PROBLEM DETAILS: Exactly the lines from the one with "PJ7417865 Volvo Interruptor" through the end of the records below are to be output, the first and last included, and no others.

### EXERCISE MATERIALS ###

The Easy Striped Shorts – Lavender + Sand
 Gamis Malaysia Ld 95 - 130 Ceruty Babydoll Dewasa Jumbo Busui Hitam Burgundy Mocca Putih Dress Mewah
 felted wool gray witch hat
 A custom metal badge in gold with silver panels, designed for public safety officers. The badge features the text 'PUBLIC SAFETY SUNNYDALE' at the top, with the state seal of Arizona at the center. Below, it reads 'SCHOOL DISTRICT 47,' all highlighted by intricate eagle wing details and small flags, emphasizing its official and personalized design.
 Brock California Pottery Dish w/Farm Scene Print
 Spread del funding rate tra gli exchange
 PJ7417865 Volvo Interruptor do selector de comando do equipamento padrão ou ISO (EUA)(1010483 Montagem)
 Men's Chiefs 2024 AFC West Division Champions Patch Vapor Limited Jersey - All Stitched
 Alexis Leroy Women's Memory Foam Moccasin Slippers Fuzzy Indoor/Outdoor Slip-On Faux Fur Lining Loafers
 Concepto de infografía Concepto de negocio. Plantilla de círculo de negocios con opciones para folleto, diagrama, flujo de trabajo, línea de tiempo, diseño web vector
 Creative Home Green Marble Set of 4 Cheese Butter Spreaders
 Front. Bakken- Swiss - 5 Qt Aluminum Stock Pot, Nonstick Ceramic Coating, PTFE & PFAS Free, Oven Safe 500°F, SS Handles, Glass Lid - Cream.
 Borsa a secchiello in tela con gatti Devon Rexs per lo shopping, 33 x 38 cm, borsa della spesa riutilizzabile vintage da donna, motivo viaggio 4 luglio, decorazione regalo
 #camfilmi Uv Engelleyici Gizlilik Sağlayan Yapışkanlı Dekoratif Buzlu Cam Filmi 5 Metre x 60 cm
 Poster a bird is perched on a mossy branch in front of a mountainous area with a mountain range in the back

###

ANSWER SPACE:
 PJ7417865 Volvo Interruptor do selector de comando do equipamento padrão ou ISO (EUA)(1010483 Montagem)
 Men's Chiefs 2024 AFC West Division Champions Patch Vapor Limited Jersey - All Stitched
 Alexis Leroy Women's Memory Foam Moccasin Slippers Fuzzy Indoor/Outdoor Slip-On Faux Fur Lining Loafers
 Concepto de infografía Concepto de negocio. Plantilla de círculo de negocios con opciones para folleto, diagrama, flujo de trabajo, línea de tiempo, diseño web vector
 Creative Home Green Marble Set of 4 Cheese Butter Spreaders
 Front. Bakken- Swiss - 5 Qt Aluminum Stock Pot, Nonstick Ceramic Coating, PTFE & PFAS Free, Oven Safe 500°F, SS Handles, Glass Lid - Cream.
 Borsa a secchiello in tela con gatti Devon Rexs per lo shopping, 33 x 38 cm, borsa della spesa riutilizzabile vintage da donna, motivo viaggio 4 luglio, decorazione regalo
 #camfilmi Uv Engelleyici Gizlilik Sağlayan Yapışkanlı Dekoratif Buzlu Cam Filmi 5 Metre x 60 cm
 Poster a bird is perched on a mossy branch in front of a mountainous area with a mountain range in the back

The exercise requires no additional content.